Is it Time to Retire the Cancer Fight Metaphor?


From time to time, when we talk about a cancer patient, we frame their story with a cancer fight metaphor. Some have a problem with that.

Recently, at my “real job,” I wrote about a fairly well-known member of the community who died from cancer. The organization that employed him announced his death on Twitter, saying he died “after a courageous battle with cancer.” In the story I wrote, I continued their cancer fight metaphor, stating that he “lost his battle” with cancer.

The death was not related specifically to breast cancer, but since this is Breast Cancer Awareness Month, it’s worth discussing now.)

It’s a common phrasing we’ve all heard for decades. (More on that in a minute.) I received an email from someone who wanted to point out my “choice of words and the connotation to those whose lives have been affected by cancer.”

The writer included an editorial published in 2015 by the Journal of the American Medical Association.
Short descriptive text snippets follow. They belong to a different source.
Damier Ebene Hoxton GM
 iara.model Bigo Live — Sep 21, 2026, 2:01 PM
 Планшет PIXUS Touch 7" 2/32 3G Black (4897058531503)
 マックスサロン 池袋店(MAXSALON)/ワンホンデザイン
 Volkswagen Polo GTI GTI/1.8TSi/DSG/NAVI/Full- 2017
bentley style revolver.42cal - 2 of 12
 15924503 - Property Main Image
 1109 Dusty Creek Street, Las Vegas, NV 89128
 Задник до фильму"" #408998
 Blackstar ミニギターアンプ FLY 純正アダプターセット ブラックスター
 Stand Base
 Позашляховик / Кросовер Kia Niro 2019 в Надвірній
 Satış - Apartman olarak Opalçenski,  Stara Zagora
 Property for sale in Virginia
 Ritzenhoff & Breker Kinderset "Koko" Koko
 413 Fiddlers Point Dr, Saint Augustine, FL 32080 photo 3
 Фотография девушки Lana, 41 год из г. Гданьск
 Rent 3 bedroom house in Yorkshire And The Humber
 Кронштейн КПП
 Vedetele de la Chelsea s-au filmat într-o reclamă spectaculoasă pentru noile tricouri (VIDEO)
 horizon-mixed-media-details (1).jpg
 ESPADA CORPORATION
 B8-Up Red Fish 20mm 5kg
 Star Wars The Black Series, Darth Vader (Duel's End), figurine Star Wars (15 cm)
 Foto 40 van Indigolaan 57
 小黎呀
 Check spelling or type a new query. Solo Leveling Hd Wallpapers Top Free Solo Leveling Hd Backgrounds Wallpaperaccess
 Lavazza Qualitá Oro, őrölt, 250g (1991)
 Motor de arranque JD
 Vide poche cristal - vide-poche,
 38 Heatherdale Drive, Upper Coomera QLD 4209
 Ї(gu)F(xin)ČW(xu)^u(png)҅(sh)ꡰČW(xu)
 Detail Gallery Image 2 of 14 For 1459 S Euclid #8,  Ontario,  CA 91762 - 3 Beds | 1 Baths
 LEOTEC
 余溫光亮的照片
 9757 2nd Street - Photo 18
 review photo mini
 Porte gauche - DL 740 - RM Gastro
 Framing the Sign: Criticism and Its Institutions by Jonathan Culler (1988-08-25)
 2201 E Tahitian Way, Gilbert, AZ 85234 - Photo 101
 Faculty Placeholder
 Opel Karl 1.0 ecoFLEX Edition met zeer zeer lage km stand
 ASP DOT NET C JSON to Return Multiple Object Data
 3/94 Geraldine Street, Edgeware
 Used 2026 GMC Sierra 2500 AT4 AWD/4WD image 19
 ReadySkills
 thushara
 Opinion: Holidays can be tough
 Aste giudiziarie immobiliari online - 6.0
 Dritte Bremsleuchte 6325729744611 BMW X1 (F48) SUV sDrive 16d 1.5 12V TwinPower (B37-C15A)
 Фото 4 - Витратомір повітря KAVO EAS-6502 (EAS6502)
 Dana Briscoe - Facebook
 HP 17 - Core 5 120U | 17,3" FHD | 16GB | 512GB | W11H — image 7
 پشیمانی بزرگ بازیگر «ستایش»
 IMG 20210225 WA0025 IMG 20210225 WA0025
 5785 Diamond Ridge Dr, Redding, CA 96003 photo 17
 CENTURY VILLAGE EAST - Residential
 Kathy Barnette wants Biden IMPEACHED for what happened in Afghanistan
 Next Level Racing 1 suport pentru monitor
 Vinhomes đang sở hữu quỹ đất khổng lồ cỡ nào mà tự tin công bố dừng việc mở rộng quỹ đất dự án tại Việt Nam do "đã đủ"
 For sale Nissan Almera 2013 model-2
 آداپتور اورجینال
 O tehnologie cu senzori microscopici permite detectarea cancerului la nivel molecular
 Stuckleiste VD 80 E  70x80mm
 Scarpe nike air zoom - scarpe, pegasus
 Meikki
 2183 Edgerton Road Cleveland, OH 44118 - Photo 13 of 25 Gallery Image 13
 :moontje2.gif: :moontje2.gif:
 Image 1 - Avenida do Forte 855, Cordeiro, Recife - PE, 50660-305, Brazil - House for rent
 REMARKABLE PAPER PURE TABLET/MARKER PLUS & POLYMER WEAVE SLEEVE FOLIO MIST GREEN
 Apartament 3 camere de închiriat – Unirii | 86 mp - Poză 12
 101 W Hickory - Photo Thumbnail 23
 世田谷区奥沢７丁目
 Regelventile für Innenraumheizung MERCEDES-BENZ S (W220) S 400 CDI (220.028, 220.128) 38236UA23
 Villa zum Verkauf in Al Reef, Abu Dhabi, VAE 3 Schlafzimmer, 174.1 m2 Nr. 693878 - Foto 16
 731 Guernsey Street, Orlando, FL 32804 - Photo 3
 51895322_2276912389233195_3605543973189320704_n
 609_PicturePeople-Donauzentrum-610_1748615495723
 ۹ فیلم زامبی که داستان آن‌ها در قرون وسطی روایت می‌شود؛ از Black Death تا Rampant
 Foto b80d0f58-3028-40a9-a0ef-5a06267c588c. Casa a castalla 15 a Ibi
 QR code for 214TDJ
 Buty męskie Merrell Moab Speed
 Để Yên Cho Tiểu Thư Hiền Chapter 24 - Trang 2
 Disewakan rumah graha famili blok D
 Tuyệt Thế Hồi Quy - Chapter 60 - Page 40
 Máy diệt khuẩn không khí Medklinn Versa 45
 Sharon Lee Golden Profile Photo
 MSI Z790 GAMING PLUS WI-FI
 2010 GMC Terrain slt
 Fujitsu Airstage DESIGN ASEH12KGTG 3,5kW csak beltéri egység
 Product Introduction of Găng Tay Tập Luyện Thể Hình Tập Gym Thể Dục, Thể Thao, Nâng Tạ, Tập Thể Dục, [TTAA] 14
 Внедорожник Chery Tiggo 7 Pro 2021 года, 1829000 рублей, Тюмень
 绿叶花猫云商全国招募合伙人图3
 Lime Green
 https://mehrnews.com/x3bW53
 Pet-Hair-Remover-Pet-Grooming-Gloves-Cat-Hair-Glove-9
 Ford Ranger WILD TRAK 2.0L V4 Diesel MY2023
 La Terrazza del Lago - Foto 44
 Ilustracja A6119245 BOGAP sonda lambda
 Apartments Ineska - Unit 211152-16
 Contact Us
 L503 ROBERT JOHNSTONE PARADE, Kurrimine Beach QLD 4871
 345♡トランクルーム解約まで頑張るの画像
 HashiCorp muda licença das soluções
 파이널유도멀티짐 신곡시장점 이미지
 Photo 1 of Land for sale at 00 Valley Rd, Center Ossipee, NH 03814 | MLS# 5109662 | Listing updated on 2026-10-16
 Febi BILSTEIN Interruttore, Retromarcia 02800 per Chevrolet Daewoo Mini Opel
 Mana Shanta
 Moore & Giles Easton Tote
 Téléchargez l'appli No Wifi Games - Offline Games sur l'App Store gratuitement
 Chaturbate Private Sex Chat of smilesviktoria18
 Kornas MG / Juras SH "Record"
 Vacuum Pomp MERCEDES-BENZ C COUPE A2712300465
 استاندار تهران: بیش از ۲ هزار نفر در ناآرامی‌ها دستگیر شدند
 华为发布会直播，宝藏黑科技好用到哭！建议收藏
The editorial took issue with that cancer fight metaphor, arguing that the metaphor is “unsuitable and even demeaning to the patient, his or her family, and friends.”

The editorial points out that it was the Nixon Administration, back in 1971, that initiated a “war on cancer” and that ever since, this “battling cancer” language — and worse, references to a patient “losing the battle” — have plagued our language.

No one, they say, should be considered a “loser” in any way during the course of their treatment.

Using the battle metaphor implies that if a patient fights hard enough, smart enough, and/or long enough, he or she will be able to win the war. Unfortunately, and with rare exceptions, patients with metastatic cancer cannot conquer cancer (win the “war”) no matter how hard they fight.

You might have experienced the same initial reaction I did.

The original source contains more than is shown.